Kahlo’s 1944 self-portrait The Broken Column shows her again in the middle of an uneven, almost barren landscape. She appears to be nude from her waist and strapped into a brace that supports her body. Her torso rises vertically in a great chasm. It is made up of a fractured column, which acts as her spine. Kahlo uses pain to make metaphorical and literal allusions in this painting, which was done after corrective spinal surgery. Kahlo’s naked body is covered with thin nails, and fat tears are falling from her large eyes. Her determined gaze displays both vulnerability and strength.
More than 55 of her 200 paintings, sketches, and drawings are self-portraits. Her works often combine the magical and psychological with real life, a genre called magical surrealism. Many of her paintings look dreamlike and hover between autobiography and fantasy. She was a proud Mexican woman who supported the 1910-20 Mexican Revolution. Her work often depicts monkeys, skeletons and skulls, blood, hearts, and blood.
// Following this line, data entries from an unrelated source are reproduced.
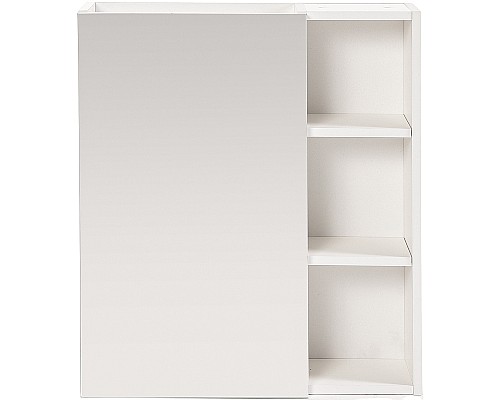 Зеркальный шкаф WellWant by Orange 60 WWZAW166075W Белый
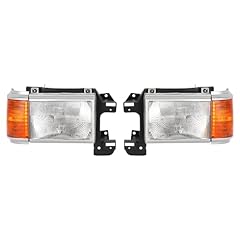 Kuafu pair headlight for sale  Delivered anywhere in USA 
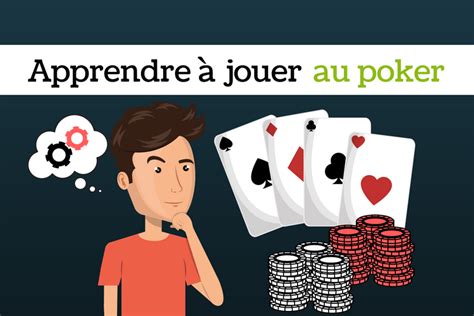 Comentario Apprendre Um Jouer Au Poker Gratuit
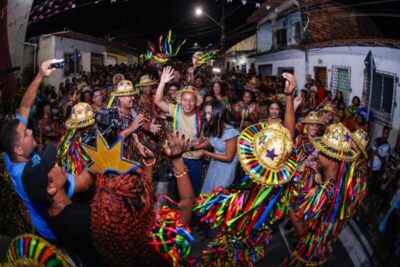 Penha inicia maratona junina com participação em eventos culturais em São Luís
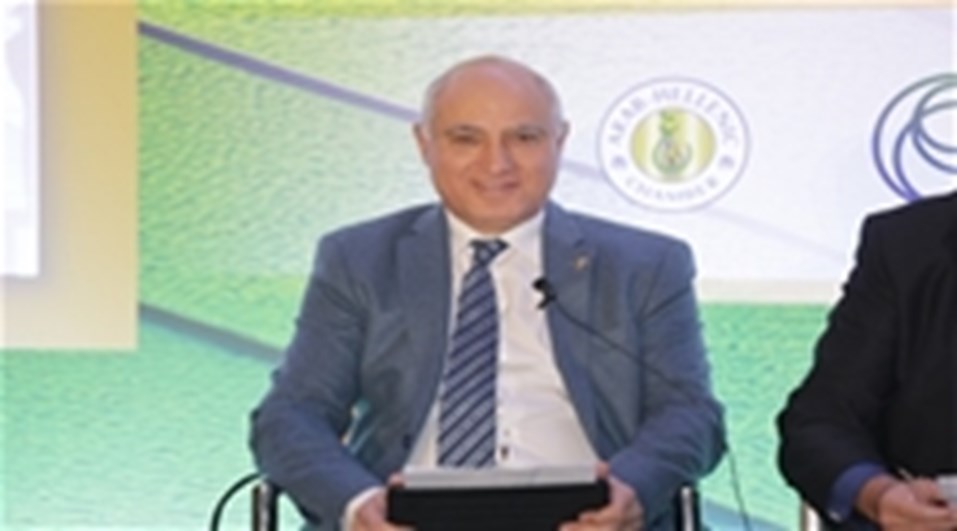 12ο ΑΡΑΒΟ-ΕΛΛΗΝΙΚΟ ΟΙΚΟΝΟΜΙΚΟ ΦΟΡΟΥΜ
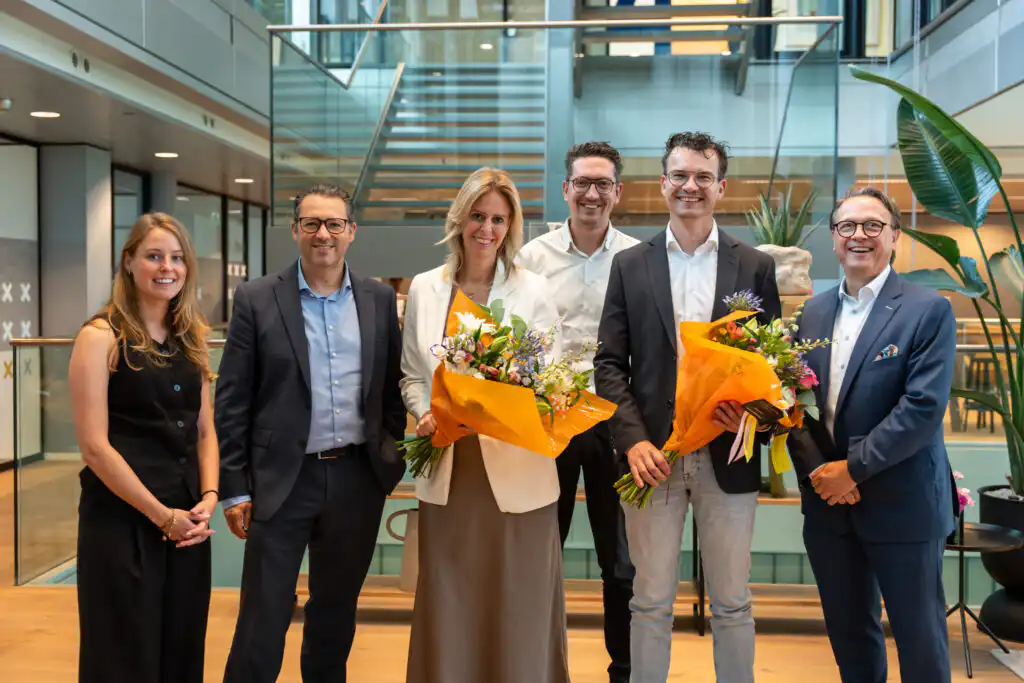 overname Harbers Groep Alistar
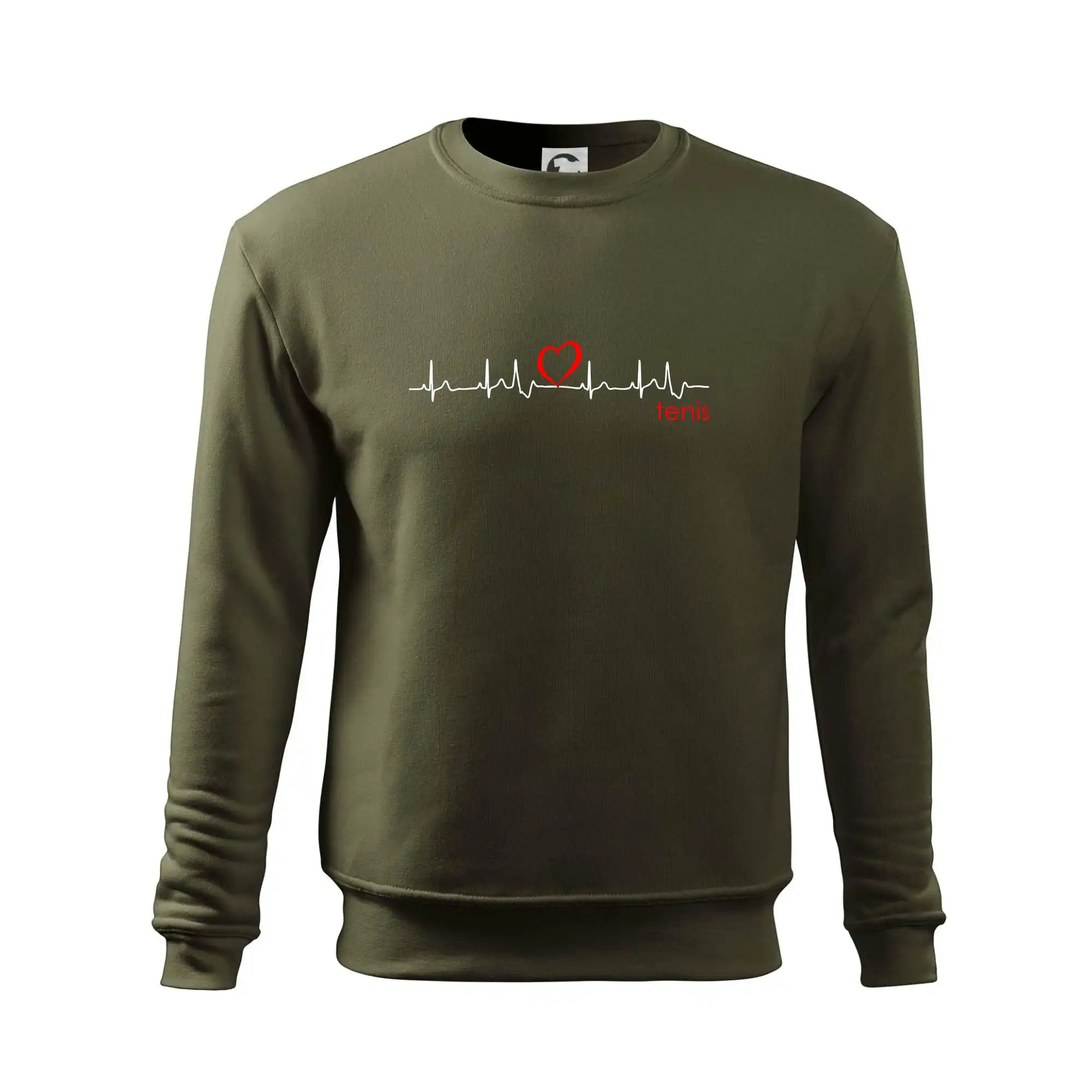 Moje srdce bije pro tenis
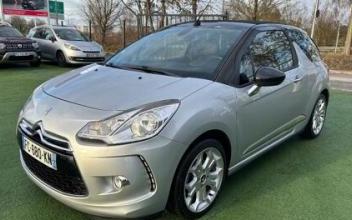 Citroen ds3 Reims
These are the Aztec myths of the Aztec deities Quetzalcoatl, Coatlicue and Xolotl. She often depicted postcolonial themes such as gender, race, and class in Mexican society.
Kahlo seems to be gaining more respect each year. Interestingly, Las Margaritas on Cheshire Bridge Road fills its walls in Kahlo murals by a dozen artists. Frida Kahlo: Appearances can be deceiving was a major Brooklyn Museum exhibition that featured her work and her belongings in conversation.
Kahlo’s highly personal and guttural self-portraiture was a precursor to the more radical self-portraiture that we see from contemporary artists of color. Artists have to deal with political circumstances. These politically charged self-portraitures reflect this. It was, for Kahlo at least, the creation of Mexico as a nation. It’s the shaping the 21st century United States for contemporary American artists.
Frida Kahlo’s story is that of a queer, brown, and disabled revolutionary. She stood firm in her identity, despite great hardships. She reminds us there is strength in vulnerability and spirit beyond our physical bodies.